# Self-Attention代码：

In [4]:
import torch
import torch.nn as nn
class Attention(nn.Module):
    def __init__(self, d_model):
        super().__init__()
        self.d_model = d_model

        self.W_q = nn.Linear(d_model, d_model)
        self.W_k = nn.Linear(d_model, d_model) 
        self.W_v = nn.Linear(d_model, d_model)

    def forward(self, query, key, value, mask=None):
        batch_size = query.size(0)

        Q = self.W_q(query)
        K = self.W_k(key)
        V = self.W_v(value)

        #调用函数计算注意力分数
        attention_output,attention_weights = self.scaled_dot_product_attention(Q, K, V, mask)

        return attention_output, attention_weights

    def  scaled_dot_product_attention(self, Q, K, V, mask=None):
        #注意力分数
        scores = torch.matmul(Q, K.transpose(-2,-1)) / torch.sqrt(torch.tensor(self.d_model,dtype=torch.float32)) 

        #应用填充掩码
        if mask is not None:
            scores = scores.masked_fill(mask == 0, -1e9) #masked_fill(mask,value)把输入张量中，对应 mask 为 True 的位置，全部替换成 value。

        attention_weights = torch.softmax(scores, dim=-1)
        output = torch.matmul(attention_weights, V)
        return output, attention_weights

# MHA代码：

In [2]:
import torch
import torch.nn as nn
class MultiHeadAttention(nn.Module):
    def __init__(self, d_model, num_heads):
        super().__init__()
        self.d_model = d_model
        self.num_heads = num_heads
        self.d_k = d_model // num_heads

        self.W_q = nn.Linear(d_model, d_model) #Linear（self,in,out)输入维度只传入一个参数是在说明“我对每个向量的 d_model 维特征做线性变换，不管有多少个向量。

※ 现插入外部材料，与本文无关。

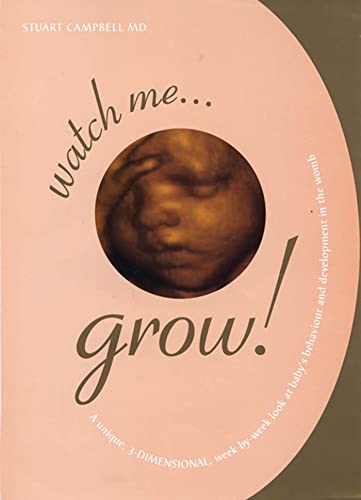 Watch Me Grow!: A Unique, 3-Dimensional, Week-by-Week Look at Baby's Behavior and Development in the Womb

”
        self.W_k = nn.Linear(d_model, d_model) #Linear是向量处理器，设计哲学是它不处理“整个矩阵的运算”，而是处理“每个向量的变换”。
        self.W_v = nn.Linear(d_model, d_model) #会自动对每一个 d_model 维的向量做相同的线性变换
        self.W_o = nn.Linear(d_model, d_model)

    def forward(self, query, key, value, mask=None):#此处的querykeyvalue都是同一个值“输入向量x”
        batch_size = query.size(0)#.size(0)获取第0维的大小，即batch_size

        Q = self.W_q(query).view(batch_size, -1, self.num_heads, self.d_k).transpose(1,2) #self.W_q(query) 会触发 self.W_q 实例的 __call__ 方法。
        K = self.W_k(key).view(batch_size, -1, self.num_heads, self.d_k).transpose(1,2) #进而调用其 forward 方法。
        V = self.W_v(value).view(batch_size, -1, self.num_heads, self.d_k).transpose(1,2) #对输入 query 的每一个向量进行线性变换，返回一个形状相同的输出张量 Q。

        #调用函数计算注意力分数
        attention_output,attention_weights = self.scaled_dot_product_attention(Q, K, V, mask)

        #拼接
        #.transpose()：只改“怎么读数据”（逻辑索引），不改“数据在哪”（物理顺序）
        #.contiguous()：把数据复制一份，按新的逻辑顺序重新排列在内存中
        #.view()只能对连续存储的数据进行操作
        concat_attention = attention_output.transpose(1,2).contiguous().view(batch_size, -1, self.d_model)

        #最终线性变换
        output = self.W_o(concat_attention)
        return output, attention_weights

    def  scaled_dot_product_attention(self, Q, K, V, mask=None):
        #注意力分数
        scores = torch.matmul(Q, K.transpose(-2,-1)) / torch.sqrt(torch.tensor(self.d_k, dtype=torch.float32)) 
        #把 d_k 变成张量，不是因为“不能算”，而是因为“要融入计算图”。

        #应用填充掩码
        if mask is not None:
            scores = scores.masked_fill(mask == 0, -1e9) #masked_fill(mask,value)把输入张量中，对应 mask 为 True 的位置，全部替换成 value。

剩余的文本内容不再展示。